--Marshall "Bull Moose" Wittman...it is a delusion to believe that the blogosphere is representative of anything but the hundreds of thousands of scribblers that join in this marvelous medium and the few millions of good folks who read it. The Moose is always struck by how few people actually read a blog or even are familiar with their existence - even those who are politically active. Of course, it is also true that a diminishing number of people by the day read mainstream newspapers and journals - not necessarily a healthy phenomena for a functionary democracy.
So, alas, it is generally a good thing that the blogosphere provides an opportunity for more and more Americans who want to get engaged and sound off. However, we should keep it in perspective. The blogosphere is generally an ideological hothouse that does not reflect the everyday thoughts of Americans. In that way, it is much like talk radio.
Blogs appear far more influential in the Democratic than the Republican party. With the waning influence of the labor movement - the blogs and the trial lawyers are picking up the slack as influential institutions. However, politicians should not make more of the blogs than what they are - highly ideological and only representative of the very left faction of the base.
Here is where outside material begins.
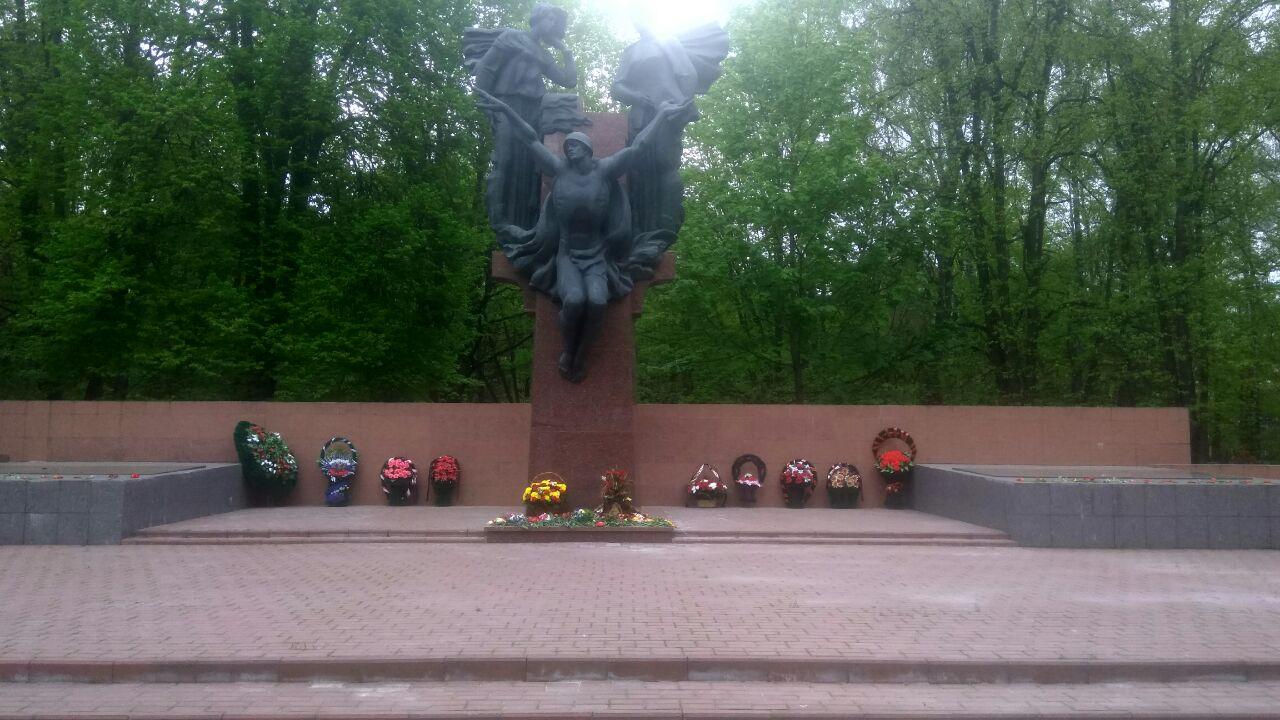 Памятник 719 советским воинам, погибшим в 1941 — 1943 гг. в боях с немецко-фашистскими захватчиками при освобождении Брянска и Бежицы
Not being a centrist, and as a skeptic of calls for a "Third Way" in American politics (oh, if it were true that we even had a "Second Way"), I view the emergence of the blogosphere as a welcome development. But the combination of years having been spent in the political wilderness with the unmediated forum that is blogging has created a poisonous strain in the rhetoric of my cohorts on the left, one that is more atuned to letting us vent spleen and less towards actually persuading fence-sitters and accomplishing something as mundane as, well, winning elections that matter. As with talk radio, the more violent and extreme the rhetoric, the more popular the sight, and with this phenomenum afflicting both sides of the debate, the blogosphere is becoming an increasingly ugly arena.
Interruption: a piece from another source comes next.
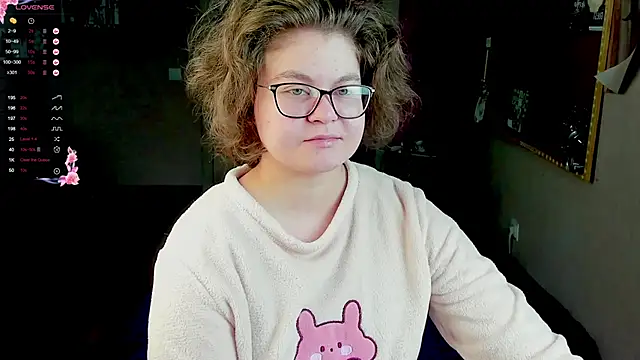 Snapshot of Sashy_Way chatting on March 10, 2025, 4:25 pm Sashy Way online show from March 10, 2025, 4:25 pm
Not having an editor permits many of us to reveal Our Inner Asshole, in all its resplendent glory, on a daily basis, and it's not a pretty sight by any means. It may warm our cockles to pretend that outing a CIA spook is the same thing as treason, or that the 2004 election was lost because of some nefarious scheme cooked up at Diebold's headquarters, or that photoshopping the face of a blackfaced minstrel is a witty jibe at an African-American Republican, but we shouldn't pretend that it's a ticket to the White House.